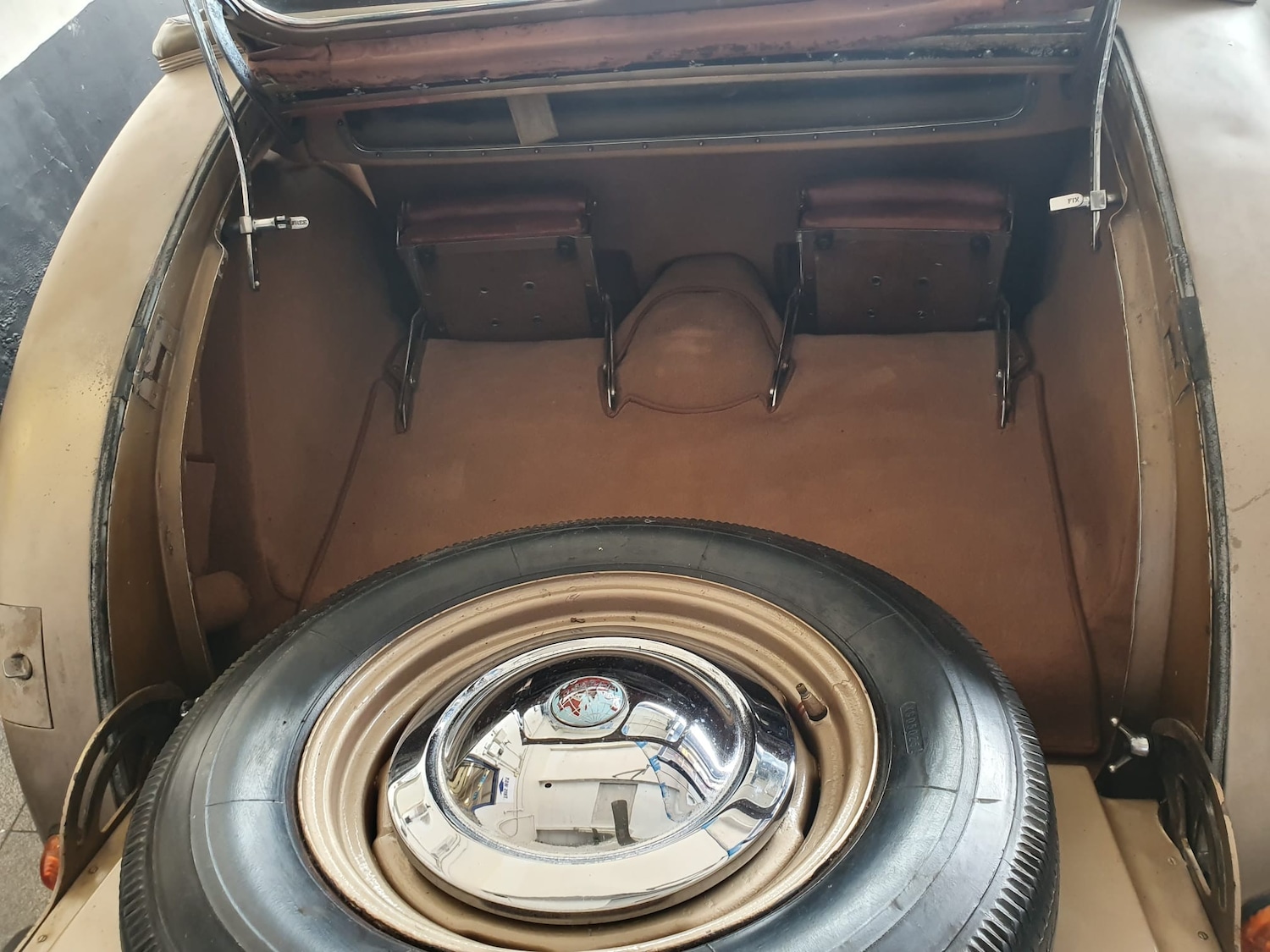 Used Triumph TR2 1949 for sale - 76453651: Photo 27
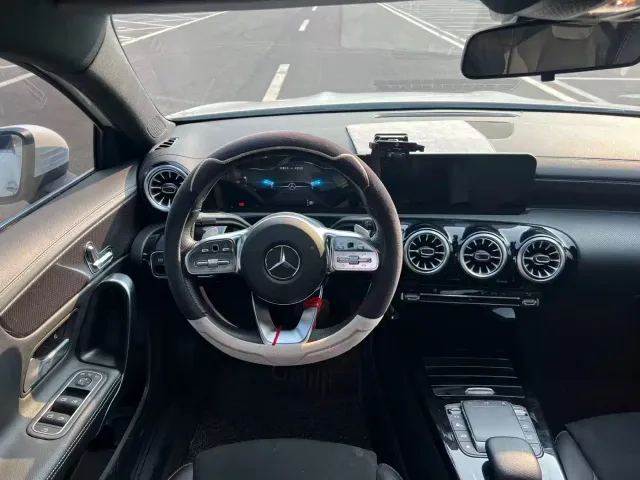 Mercedes-Benz A-Class — Фото автомобиля 5
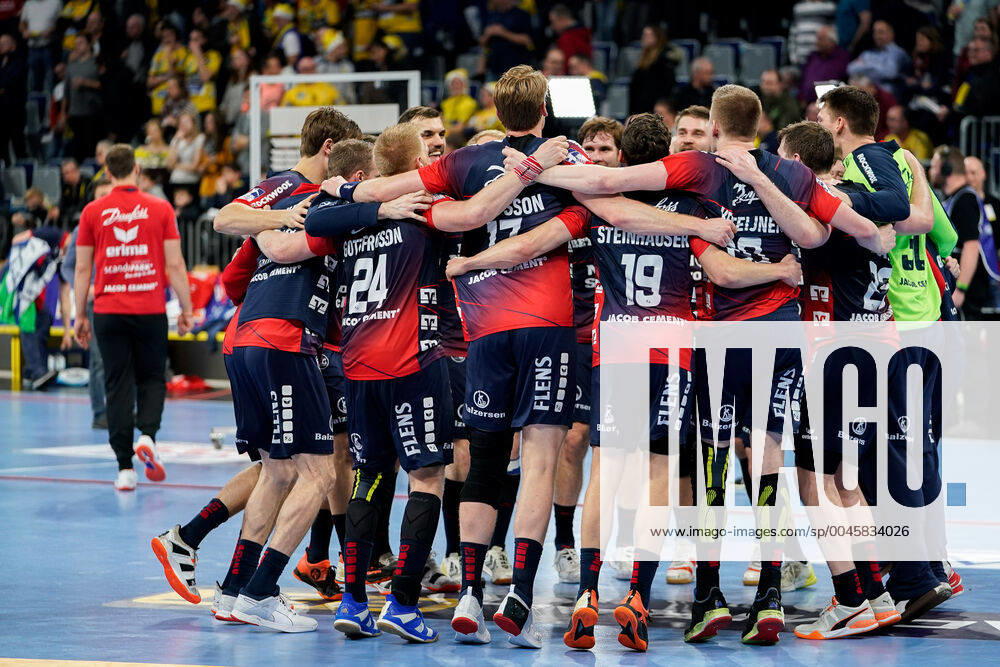 KW51 Spieler der SG Flensburg-Handewitt, Jubel nach dem Schlusspfiff, Sieg, Sieger, Gewinner, jubelt, jubeln, Freude, optimistisch, Highlight, Action, Aktion, 21.12.2019, Mannheim (Deutschland), Handball, Bundesliga, Rhein-Neckar Löwen - SG Flensburg-Handewitt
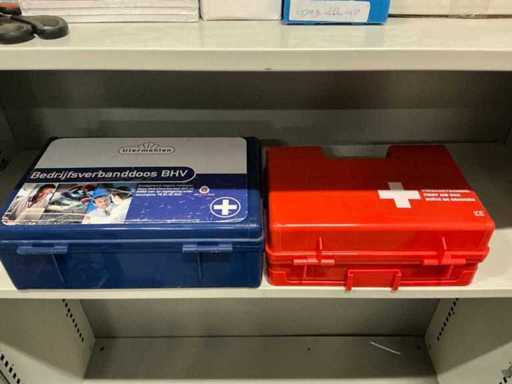 Apteczki z zawartością (2x)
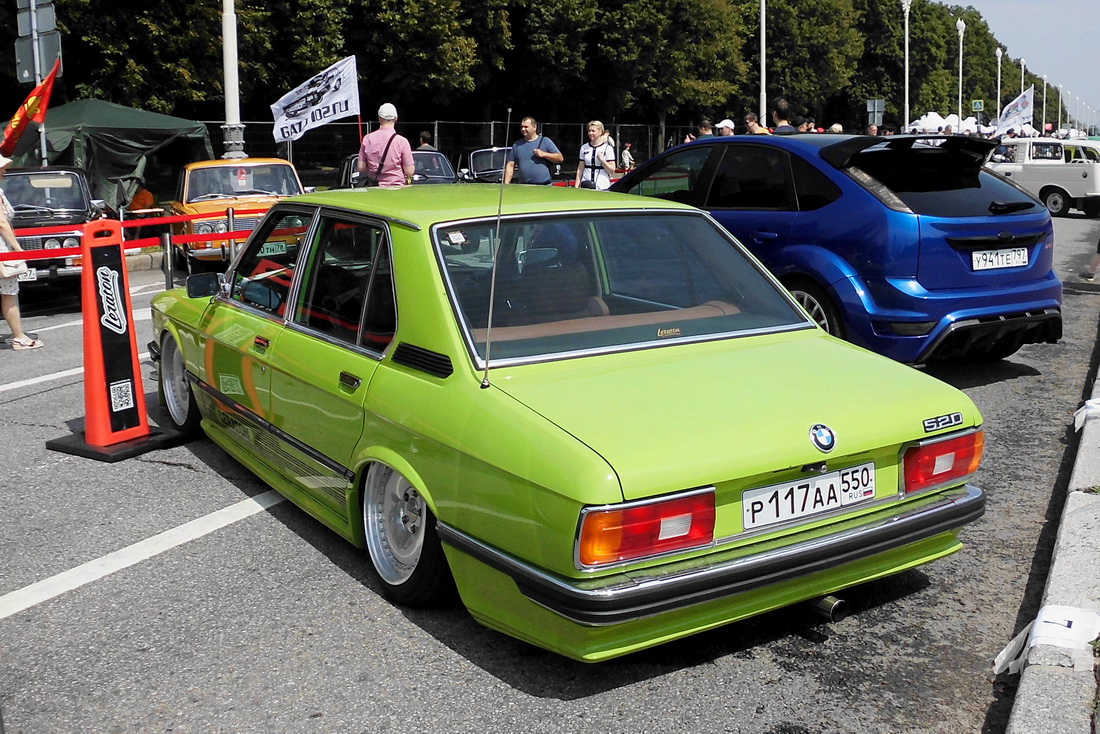 Московская область, № Р 117 АА 550 — BMW 5 Series (E12) '72-81; Москва — Фестиваль "Ретрорейс" 2025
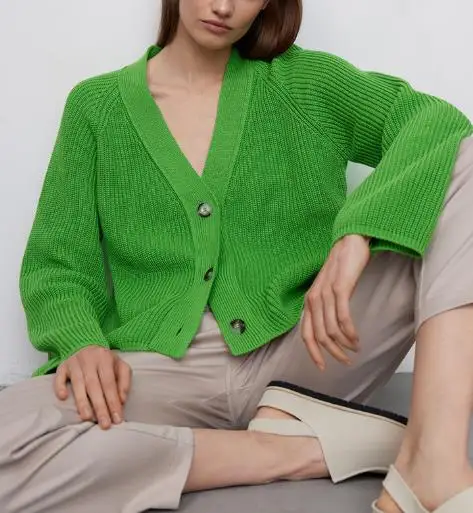 

Women's Sweater V-Neck Short Sweater Cardigan 2025 Autumn and Winter Temperament Bat Sleeve Button Solid Color Knitted Sweater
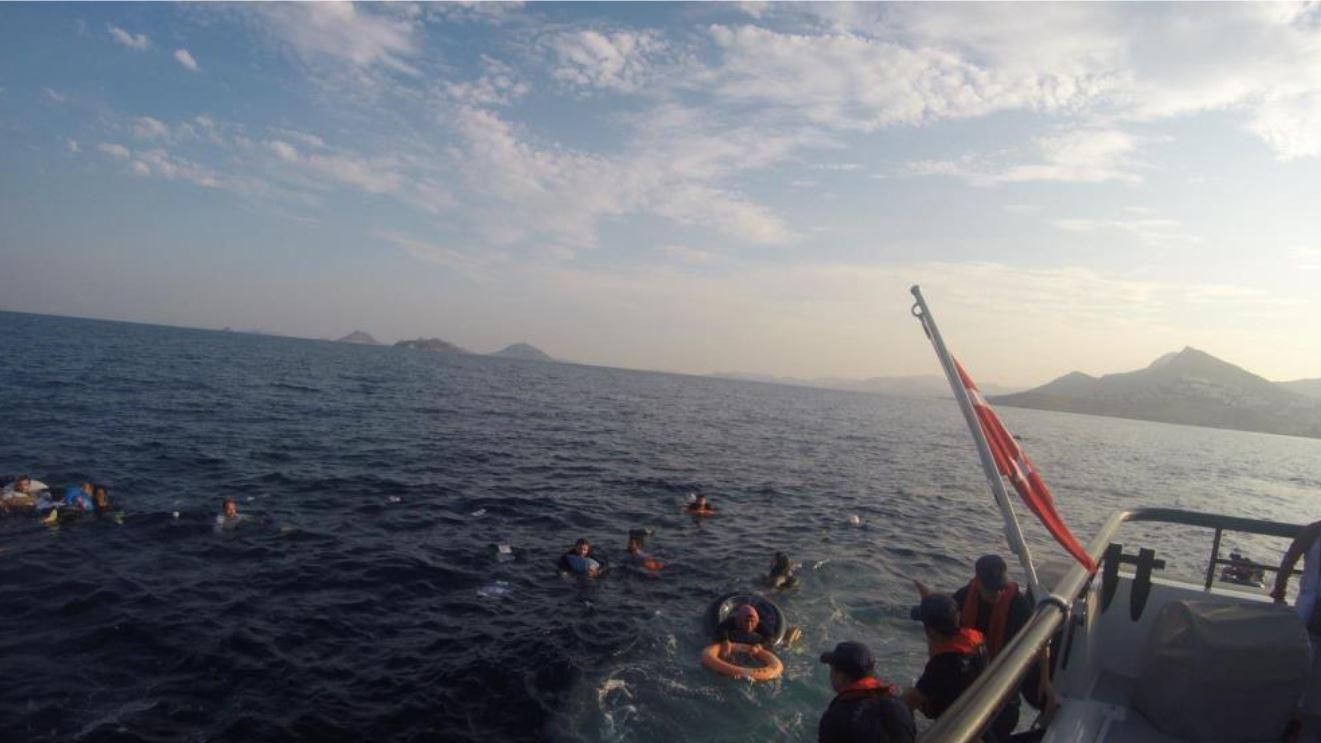 Возле берегов Турции затонул корабль с мигрантами: есть погибшие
══════════════════════════════
Task instructions:
Pictures are not part of the copy; retype all the other material exactly.

Expected answer:
 Used Triumph TR2 1949 for sale - 76453651: Photo 27
 Mercedes-Benz A-Class — Фото автомобиля 5
 KW51 Spieler der SG Flensburg-Handewitt, Jubel nach dem Schlusspfiff, Sieg, Sieger, Gewinner, jubelt, jubeln, Freude, optimistisch, Highlight, Action, Aktion, 21.12.2019, Mannheim (Deutschland), Handball, Bundesliga, Rhein-Neckar Löwen - SG Flensburg-Handewitt
 Apteczki z zawartością (2x)
 Московская область, № Р 117 АА 550 — BMW 5 Series (E12) '72-81; Москва — Фестиваль "Ретрорейс" 2025

Women's Sweater V-Neck Short Sweater Cardigan 2025 Autumn and Winter Temperament Bat Sleeve Button Solid Color Knitted Sweater
 Возле берегов Турции затонул корабль с мигрантами: есть погибшие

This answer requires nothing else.